At the end of the day, it's really expensive to drag fiber across the ocean floors or launch satellites, and it would be crazy if every business, organization, and household had to run their own cables. Instead, they can all share that basic infrastructure, but have a lot of freedom as to how they use it (subject to local laws and international agreements, I guess, or else bypassing them with encryption & steganography).

By different network, I meant different protocols basically that will serve the puropse of the network. I don't mean connecting some nodes together using the current internet. So imagine a new service provider, you go and subscribe, and login to the network, you can't receive anything other than text. And the domains are all available at the begining, so no google no microsoft, etc. Except if you allow internetwork domains.
You can start a service like that and put it on the existing internet if you want. You can bypass DNS and make your own routing if you want. Onion and Freenet and blockchains and DHTs and content addressable systems work similarly. But nobody uses them because they're such a hassle.

Again, what you're describing is more an application or protocol, not a network necessarily. You can build it all in software on top of the existing internet.

Can you recommend a book that could explain these topics especially the protocols in a good way? I hated network classes in college.
Sorry, networking isn't my specialization, and I never read a book on those topics. (I know vaguely what they are and a little about how they work, but not enough to reimplement any of them on my own.) But many of those projects are open-source, so you can see the discussions (and code) about how they were built.

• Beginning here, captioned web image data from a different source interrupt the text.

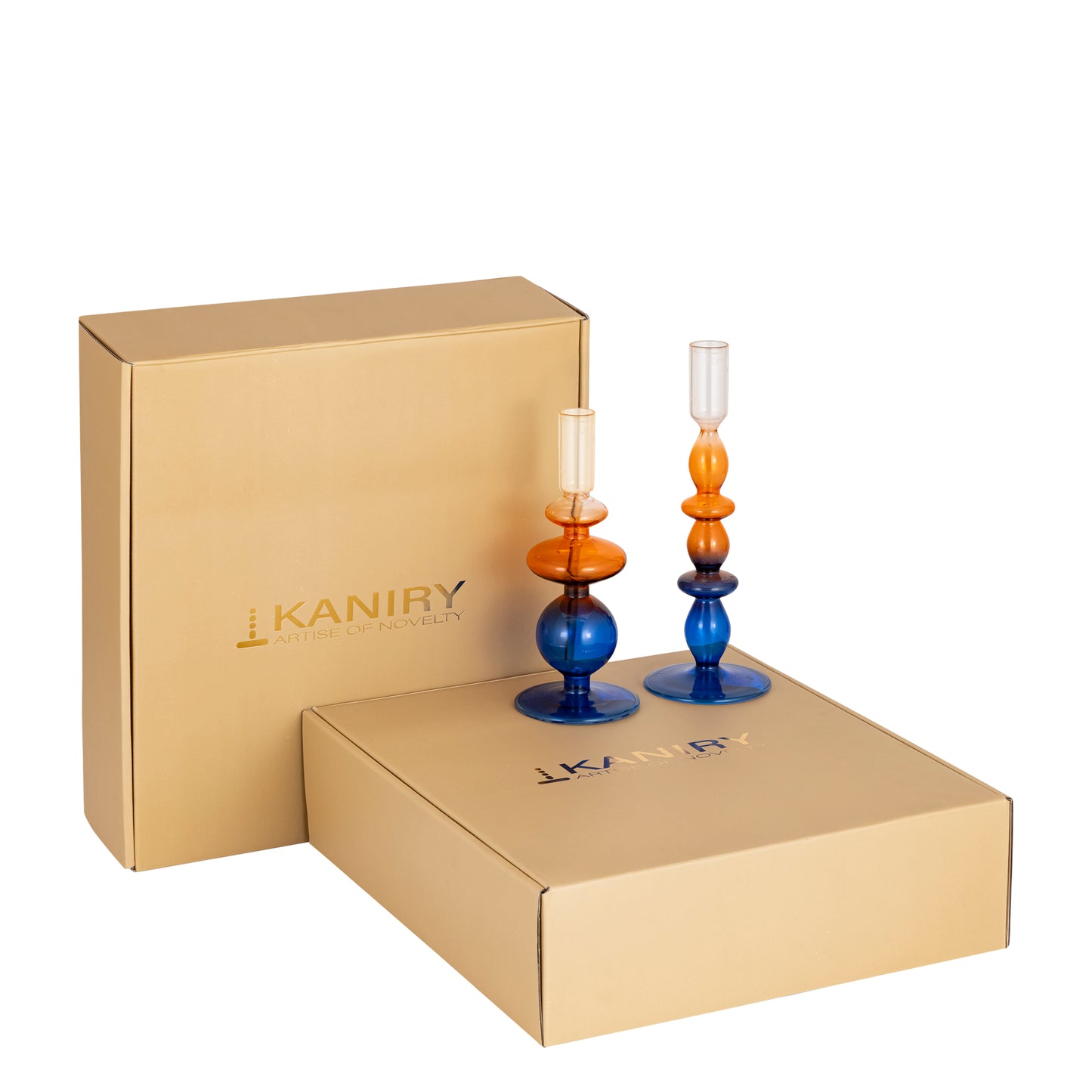 Aurora Duo Glass Candle Holder - Set of 2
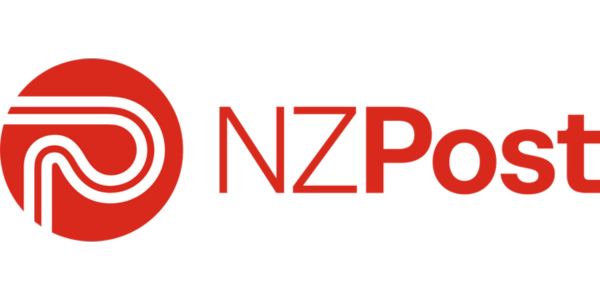 A red and white logo for nzpost on a white background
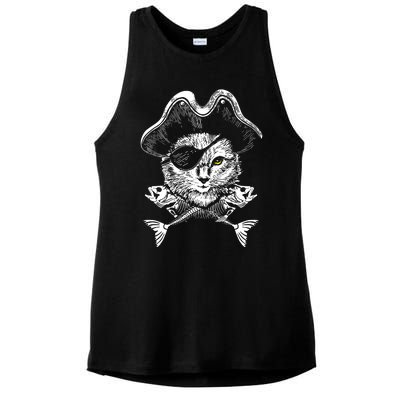 Cat Pirate Ladies PosiCharge Tri-Blend Wicking Tank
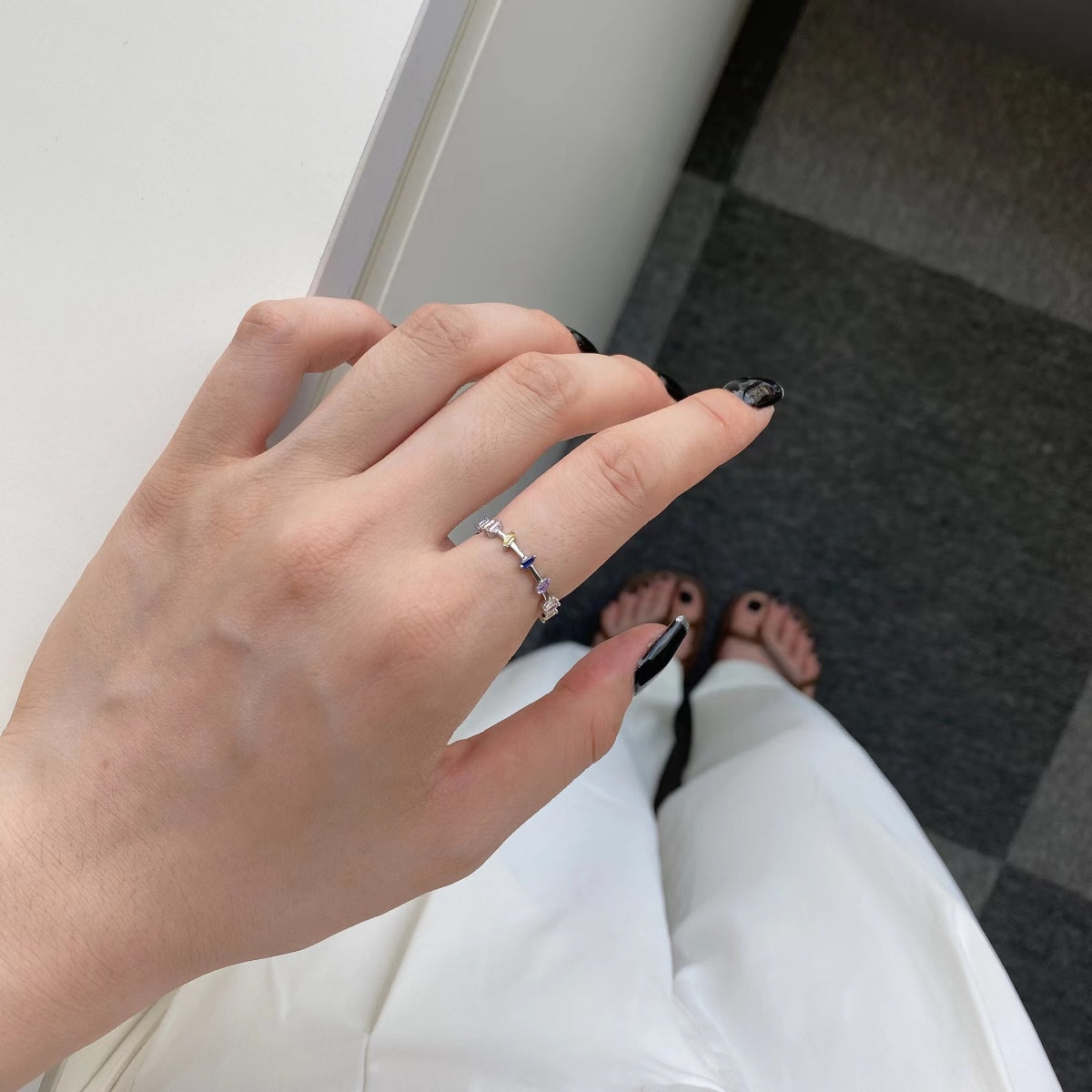 [Echo Fine ]Unique Trapezoid Cut Daily Ring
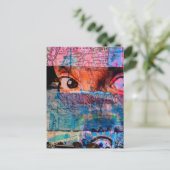 De Eyeballs abstracte junk journal Collage AI Briefkaart (Staand voorkant)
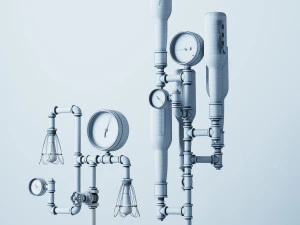 industrial desk lamp d6 3D Model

IMHO: I think maybe you're overthinking this a bit though...? If your end goal is just to have a place where people discuss primarily (or exclusively) over text, then all you really need is a web app that enforces that, like HN does. You can probably find some HN clone or reddit clone software and just use that, or Discourse (the forum, not Discord the chat app), and remove any multimedia functionality they might have. Or host your own IRC or Usenet server and don't allow images.

I don't think this is really a technical issue to solve, but a cultural one. Such places aren't common/popular because "I never want to see an image" isn't a big priority to most people. It'll be hard to get traction on such a forum, no matter how you build it under the hood.